WHAT YOU NEED TO DO:
Nothing but the lines from the one containing "File:Stitched photo of" to the end of the data should be copied, exactly, and the pictures stay out.

INFORMATION PROVIDED:
--- --- ---

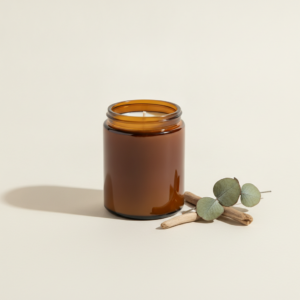 Blue Harbor Soy Candle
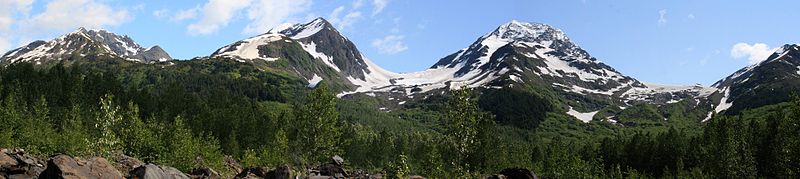 File:Stitched photo of the views along the Upper Winner Creek trail (3823677144).jpg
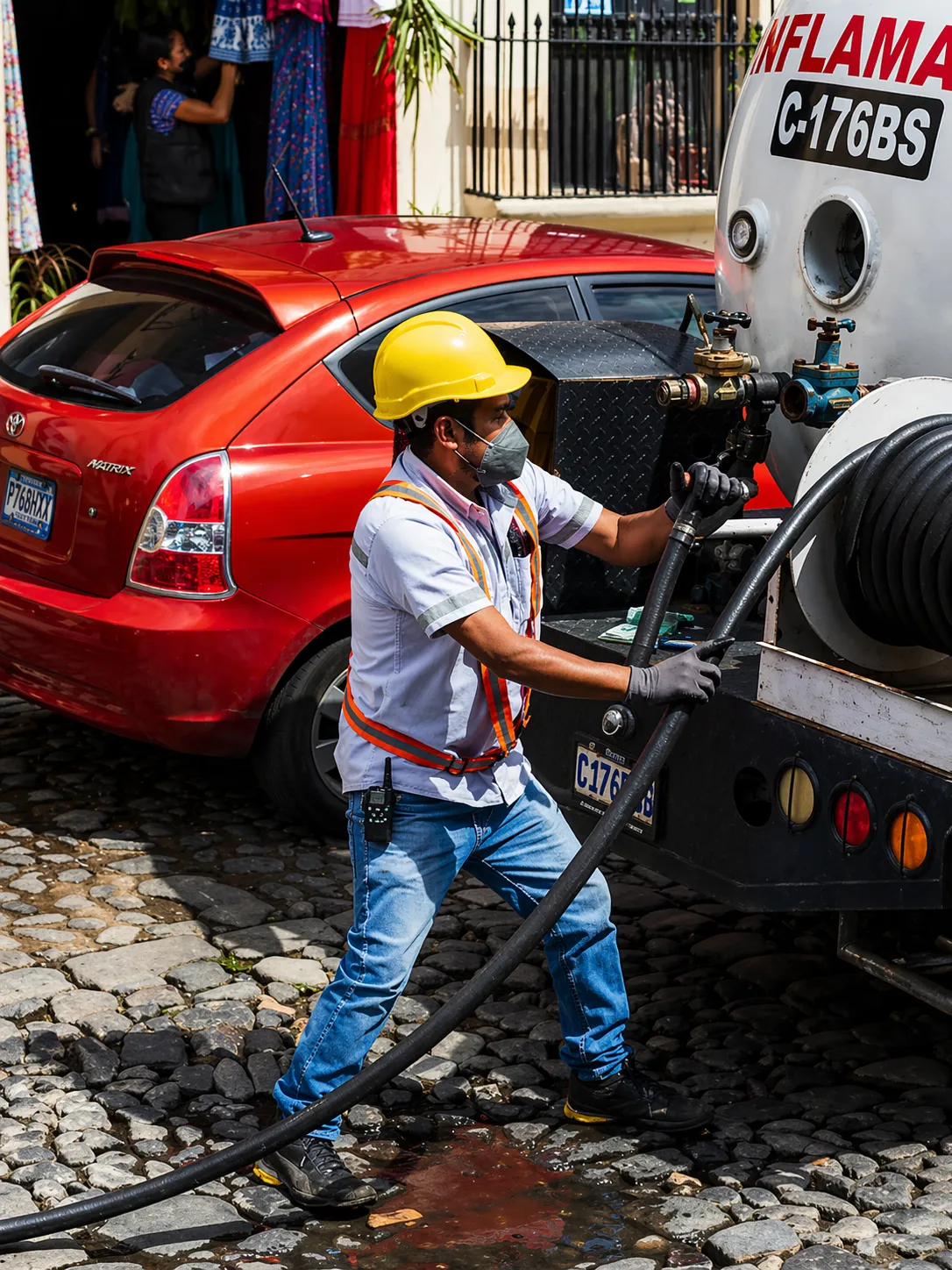 West Valley City Environmental Support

--- --- ---

ANSWER BELOW:
 File:Stitched photo of the views along the Upper Winner Creek trail (3823677144).jpg
 West Valley City Environmental Support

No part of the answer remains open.